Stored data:
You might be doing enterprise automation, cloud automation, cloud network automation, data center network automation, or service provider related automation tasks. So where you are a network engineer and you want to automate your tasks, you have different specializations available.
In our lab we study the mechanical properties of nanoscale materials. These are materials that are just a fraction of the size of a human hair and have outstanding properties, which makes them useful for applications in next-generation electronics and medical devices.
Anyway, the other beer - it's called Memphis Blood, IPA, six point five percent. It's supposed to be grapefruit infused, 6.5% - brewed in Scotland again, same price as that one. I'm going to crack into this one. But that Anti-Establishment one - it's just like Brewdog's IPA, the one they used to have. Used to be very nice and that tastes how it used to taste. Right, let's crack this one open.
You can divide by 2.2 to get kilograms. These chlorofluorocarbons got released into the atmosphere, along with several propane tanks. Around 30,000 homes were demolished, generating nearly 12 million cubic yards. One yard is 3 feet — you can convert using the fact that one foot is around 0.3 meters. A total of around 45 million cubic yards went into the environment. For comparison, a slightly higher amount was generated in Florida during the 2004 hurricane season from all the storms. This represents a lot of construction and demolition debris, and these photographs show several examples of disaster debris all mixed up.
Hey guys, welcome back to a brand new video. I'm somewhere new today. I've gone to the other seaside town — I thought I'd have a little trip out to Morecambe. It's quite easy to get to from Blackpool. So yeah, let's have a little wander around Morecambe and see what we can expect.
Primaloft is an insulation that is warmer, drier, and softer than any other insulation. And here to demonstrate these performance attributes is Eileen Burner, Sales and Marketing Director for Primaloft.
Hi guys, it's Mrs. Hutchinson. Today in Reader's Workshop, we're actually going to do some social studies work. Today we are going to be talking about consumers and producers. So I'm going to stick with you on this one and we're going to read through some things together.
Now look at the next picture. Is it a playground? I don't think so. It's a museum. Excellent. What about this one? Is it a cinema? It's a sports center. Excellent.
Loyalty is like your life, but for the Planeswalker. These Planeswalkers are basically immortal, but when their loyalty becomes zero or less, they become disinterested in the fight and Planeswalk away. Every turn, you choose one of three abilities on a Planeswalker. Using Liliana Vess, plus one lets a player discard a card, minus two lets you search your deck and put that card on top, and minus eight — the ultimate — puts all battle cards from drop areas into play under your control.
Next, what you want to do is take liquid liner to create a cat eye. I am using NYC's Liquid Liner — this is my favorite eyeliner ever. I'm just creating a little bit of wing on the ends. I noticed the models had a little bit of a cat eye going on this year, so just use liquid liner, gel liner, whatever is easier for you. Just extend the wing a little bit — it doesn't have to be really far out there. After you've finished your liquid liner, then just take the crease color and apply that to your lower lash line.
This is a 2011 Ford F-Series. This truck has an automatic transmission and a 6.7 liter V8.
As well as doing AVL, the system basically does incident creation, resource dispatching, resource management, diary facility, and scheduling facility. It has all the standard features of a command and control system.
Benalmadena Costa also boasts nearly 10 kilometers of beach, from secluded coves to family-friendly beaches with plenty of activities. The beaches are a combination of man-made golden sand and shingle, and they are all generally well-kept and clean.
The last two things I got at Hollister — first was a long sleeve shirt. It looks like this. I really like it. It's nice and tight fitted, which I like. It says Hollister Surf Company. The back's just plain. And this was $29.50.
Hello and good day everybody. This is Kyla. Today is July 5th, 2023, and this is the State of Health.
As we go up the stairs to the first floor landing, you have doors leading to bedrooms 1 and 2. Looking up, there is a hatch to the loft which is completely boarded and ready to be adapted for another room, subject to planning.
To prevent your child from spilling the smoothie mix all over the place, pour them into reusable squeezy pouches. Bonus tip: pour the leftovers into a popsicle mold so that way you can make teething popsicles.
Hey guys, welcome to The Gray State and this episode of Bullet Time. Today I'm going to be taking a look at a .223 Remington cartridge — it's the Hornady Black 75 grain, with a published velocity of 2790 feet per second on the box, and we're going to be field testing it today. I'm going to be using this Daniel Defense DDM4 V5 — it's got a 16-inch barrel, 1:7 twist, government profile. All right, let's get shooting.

▸ WHAT YOU HAVE TO DO: Please copy all of the data above exactly.

▸ SOLUTION:
You might be doing enterprise automation, cloud automation, cloud network automation, data center network automation, or service provider related automation tasks. So where you are a network engineer and you want to automate your tasks, you have different specializations available.
In our lab we study the mechanical properties of nanoscale materials. These are materials that are just a fraction of the size of a human hair and have outstanding properties, which makes them useful for applications in next-generation electronics and medical devices.
Anyway, the other beer - it's called Memphis Blood, IPA, six point five percent. It's supposed to be grapefruit infused, 6.5% - brewed in Scotland again, same price as that one. I'm going to crack into this one. But that Anti-Establishment one - it's just like Brewdog's IPA, the one they used to have. Used to be very nice and that tastes how it used to taste. Right, let's crack this one open.
You can divide by 2.2 to get kilograms. These chlorofluorocarbons got released into the atmosphere, along with several propane tanks. Around 30,000 homes were demolished, generating nearly 12 million cubic yards. One yard is 3 feet — you can convert using the fact that one foot is around 0.3 meters. A total of around 45 million cubic yards went into the environment. For comparison, a slightly higher amount was generated in Florida during the 2004 hurricane season from all the storms. This represents a lot of construction and demolition debris, and these photographs show several examples of disaster debris all mixed up.
Hey guys, welcome back to a brand new video. I'm somewhere new today. I've gone to the other seaside town — I thought I'd have a little trip out to Morecambe. It's quite easy to get to from Blackpool. So yeah, let's have a little wander around Morecambe and see what we can expect.
Primaloft is an insulation that is warmer, drier, and softer than any other insulation. And here to demonstrate these performance attributes is Eileen Burner, Sales and Marketing Director for Primaloft.
Hi guys, it's Mrs. Hutchinson. Today in Reader's Workshop, we're actually going to do some social studies work. Today we are going to be talking about consumers and producers. So I'm going to stick with you on this one and we're going to read through some things together.
Now look at the next picture. Is it a playground? I don't think so. It's a museum. Excellent. What about this one? Is it a cinema? It's a sports center. Excellent.
Loyalty is like your life, but for the Planeswalker. These Planeswalkers are basically immortal, but when their loyalty becomes zero or less, they become disinterested in the fight and Planeswalk away. Every turn, you choose one of three abilities on a Planeswalker. Using Liliana Vess, plus one lets a player discard a card, minus two lets you search your deck and put that card on top, and minus eight — the ultimate — puts all battle cards from drop areas into play under your control.
Next, what you want to do is take liquid liner to create a cat eye. I am using NYC's Liquid Liner — this is my favorite eyeliner ever. I'm just creating a little bit of wing on the ends. I noticed the models had a little bit of a cat eye going on this year, so just use liquid liner, gel liner, whatever is easier for you. Just extend the wing a little bit — it doesn't have to be really far out there. After you've finished your liquid liner, then just take the crease color and apply that to your lower lash line.
This is a 2011 Ford F-Series. This truck has an automatic transmission and a 6.7 liter V8.
As well as doing AVL, the system basically does incident creation, resource dispatching, resource management, diary facility, and scheduling facility. It has all the standard features of a command and control system.
Benalmadena Costa also boasts nearly 10 kilometers of beach, from secluded coves to family-friendly beaches with plenty of activities. The beaches are a combination of man-made golden sand and shingle, and they are all generally well-kept and clean.
The last two things I got at Hollister — first was a long sleeve shirt. It looks like this. I really like it. It's nice and tight fitted, which I like. It says Hollister Surf Company. The back's just plain. And this was $29.50.
Hello and good day everybody. This is Kyla. Today is July 5th, 2023, and this is the State of Health.
As we go up the stairs to the first floor landing, you have doors leading to bedrooms 1 and 2. Looking up, there is a hatch to the loft which is completely boarded and ready to be adapted for another room, subject to planning.
To prevent your child from spilling the smoothie mix all over the place, pour them into reusable squeezy pouches. Bonus tip: pour the leftovers into a popsicle mold so that way you can make teething popsicles.
Hey guys, welcome to The Gray State and this episode of Bullet Time. Today I'm going to be taking a look at a .223 Remington cartridge — it's the Hornady Black 75 grain, with a published velocity of 2790 feet per second on the box, and we're going to be field testing it today. I'm going to be using this Daniel Defense DDM4 V5 — it's got a 16-inch barrel, 1:7 twist, government profile. All right, let's get shooting.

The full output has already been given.